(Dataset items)
------------

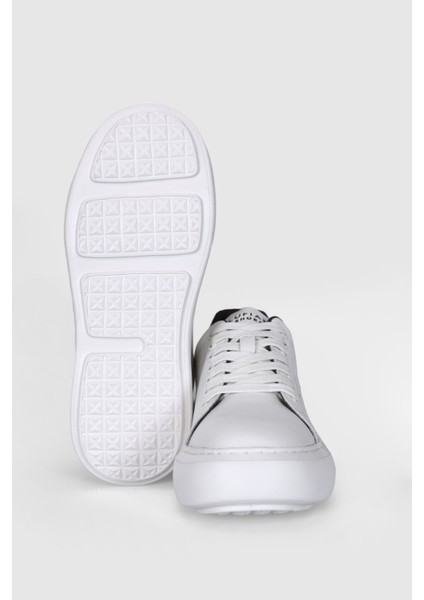 Kadın Beyaz Sneaker Ayakkabı Suni Deri Düz Taban 302 Gr Rahat ve Şık fırsatları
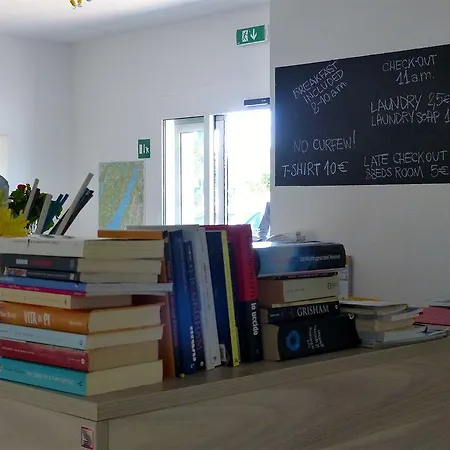 Meet Gardalake Hostel *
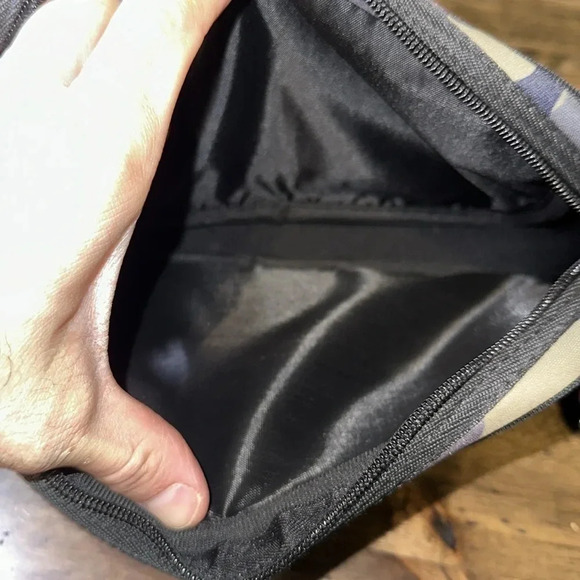 Parker & Hyde East West Camo Neoprene Crossbody Pink/Orange Cell Phone Bag - Picture 6 of 11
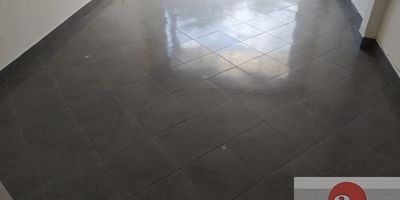 Local en arriendo en Envigado, ideal para quienes buscan arriendos en Envigado o locales comerciales en el sur de Medellín. Ubicado en zona centro, sobre vía principal y secundaria, cerca de la escuela Marcelino Vélez, el Éxito Vecino, la Av. El Poblado y el sector Cervantes. Cuenta con 25 m², un baño, piso en cerámica, acceso pavimentado y seguridad en la zona. Excelente opción comercial con alto flujo peatonal y transporte público cercano, respaldado por Arrendamiento Alcalá.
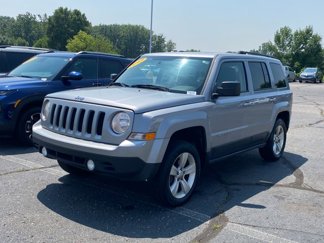 Used 2017 Jeep Patriot Latitude image 1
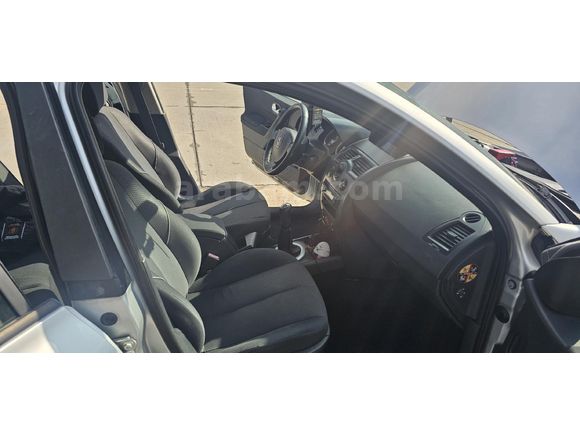 Sahibinden Renault Megane 1.5 dCi Dynamique 2006 Model
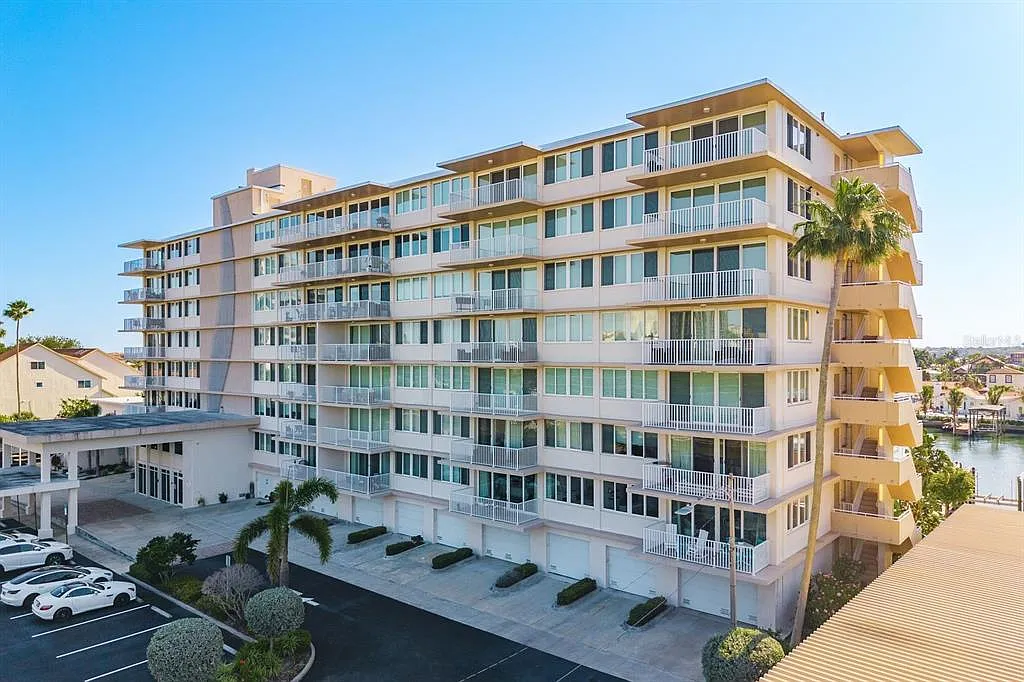 2 bed, 2.0 bath, 1370 sqft, $3,400 — Photo 1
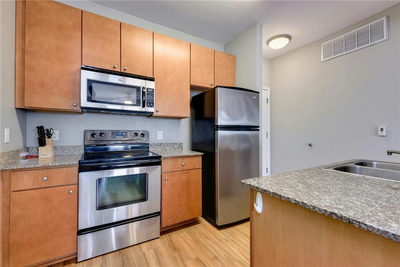 2502 Leon St #200 — photo 4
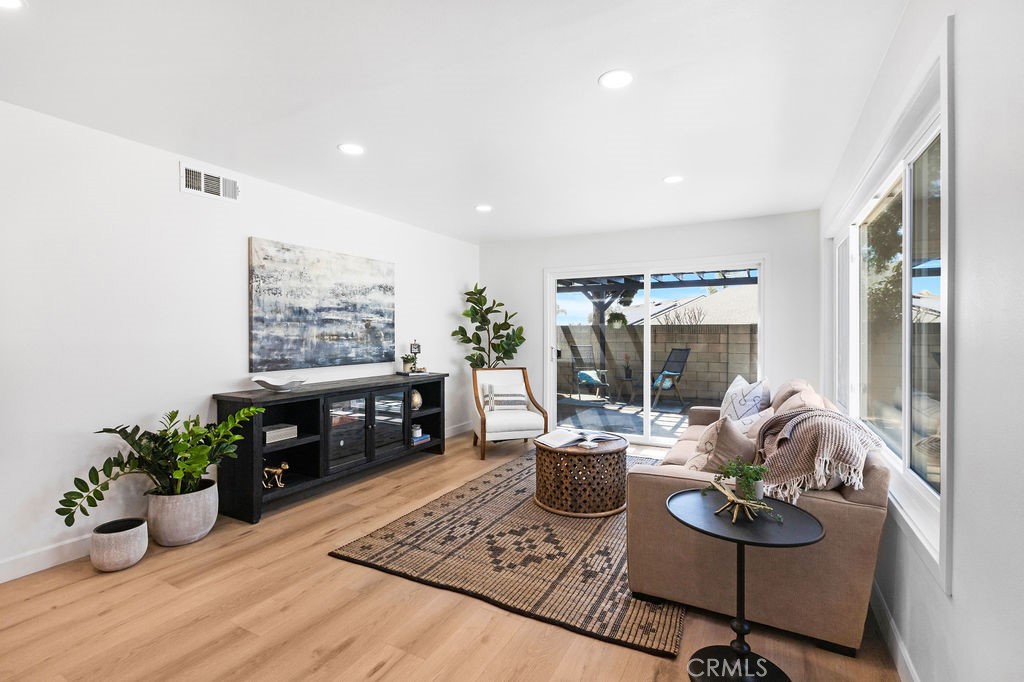 1001 N Van Buren Street Property Photo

------------

• **Required action**:
Pictures are to be dropped, and the remaining data set down exactly.

• **Task response**:
 Kadın Beyaz Sneaker Ayakkabı Suni Deri Düz Taban 302 Gr Rahat ve Şık fırsatları
 Meet Gardalake Hostel *
 Parker & Hyde East West Camo Neoprene Crossbody Pink/Orange Cell Phone Bag - Picture 6 of 11
 Local en arriendo en Envigado, ideal para quienes buscan arriendos en Envigado o locales comerciales en el sur de Medellín. Ubicado en zona centro, sobre vía principal y secundaria, cerca de la escuela Marcelino Vélez, el Éxito Vecino, la Av. El Poblado y el sector Cervantes. Cuenta con 25 m², un baño, piso en cerámica, acceso pavimentado y seguridad en la zona. Excelente opción comercial con alto flujo peatonal y transporte público cercano, respaldado por Arrendamiento Alcalá.
 Used 2017 Jeep Patriot Latitude image 1
 Sahibinden Renault Megane 1.5 dCi Dynamique 2006 Model
 2 bed, 2.0 bath, 1370 sqft, $3,400 — Photo 1
 2502 Leon St #200 — photo 4
 1001 N Van Buren Street Property Photo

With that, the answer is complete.